Neto afirma que a segmentação não é uma tendência e, sim, uma oportunidade de mercado. “No nosso caso, à época do início de nossa estratégia, existia pouca oferta e muita demanda para o setor moveleiro. Uma tendência bem vista nos shoppings de Brasília é a revitalização dos equipamentos e expansão de suas áreas de gastronomia e entretenimento”.


Conhecido, em Brasília, por oferecer diversos tipos de serviços em um só espaço, o Shopping Venâncio passa por sua maior transformação. Com um investimento na ordem de R$ 200 milhões, realizado por meio de financiamento bancário e investidores varejistas e imobiliários, a obra de revitalização agrega o conceito multiuso e traz à sociedade brasiliense novas atividades de varejo e alimentação, sem perder a vocação para prestação de serviços de atendimento aos cidadãos, dentre outros. Estima-se que o fluxo de frequentadores, de 18 e 20 mil pessoas por dia, dobre com a revitalização do empreendimento.


“Após três anos de um processo de maturação da ideia inicial, da revisão arquitetônica e de intensos estudos de viabilidade, finalmente, em 2014, o novo projeto foi concebido e estava pronto, quase 40 anos depois, para ser reapresentado ao mercado, no exato lugar onde nascera, mas com a justa pretensão de renascer diferente, mesmo preservando traços do início como sua imponência, essência histórica e a conexão afetiva com a cidade”, afirma a gerente de marketing do Shopping Venâncio, Escritórios e Gastronomia, Karine Pagotte.

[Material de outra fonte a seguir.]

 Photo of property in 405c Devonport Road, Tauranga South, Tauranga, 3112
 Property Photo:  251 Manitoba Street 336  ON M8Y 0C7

Estima-se que mais de dois mil novos empregos serão criados, direta e indiretamente. Além disso, 650 salas comerciais serão distribuídas em duas torres de negócios.


Rafael Venâncio, um dos empreendedores do negócio e filho de Antônio Venâncio da Silva, idealizador do Venâncio 2000, inaugurado em 1976, garante que a iniciativa tende a seguir o exemplo dos mais modernos e inteligentes edifícios comerciais de grandes centros urbanos. “Procuramos trazer um novo conjunto estético ao complexo, com status funcional e visual”, explica.


A área de alimentação está, sem dúvida, entre as grandes contempladas pelo novo projeto de complexo multiuso. Os que passarem pelo novo Venâncio Shopping, Escritórios e Gastronomia serão atendidos pelas principais lojas de selfie service e fast food do mercado, como Subway, Pacífico Sushi, Panelinhas do Brasil e Tostex, que já garantiram espaço.



Para um público mais seleto
Referência em moda, diversão, gastronomia e entretenimento para os brasilienses, o Park Shopping conquistou o público, desde 1983, oferecendo qualidade premium e serviços qualificados, em quase 300 lojas. Segundo pesquisa da Ideia Consumer Insights, cerca de 88% dos clientes do shopping são das classes A e B, com movimento anual de 12,2 milhões de pessoas. Com um panorama como este, a modernização é necessária. “As expansões aconteceram também de uma forma natural já que, por outro lado, havia a demanda por parte das marcas e empresários de fora de Brasília que viram no mercado local uma boa oportunidade e um público ávido por novidades”, disse o superintendente do ParkShopping, Marcelo Martins.


Para Martins, as expansões do ParkShopping não estão relacionadas com a chegada do principal concorrente, o shopping Iguatemi. “Já vínhamos com projetos de revitalização e expansão em desenvolvimento quando soubemos da vinda deste concorrente pra Brasília. Tínhamos uma demanda grande de lojistas de outras praças, presentes conosco em outros shoppings do grupo Multiplan, de vir pra Brasília, e esse sim foi um grande propulsor para expandirmos o shopping”, afirma.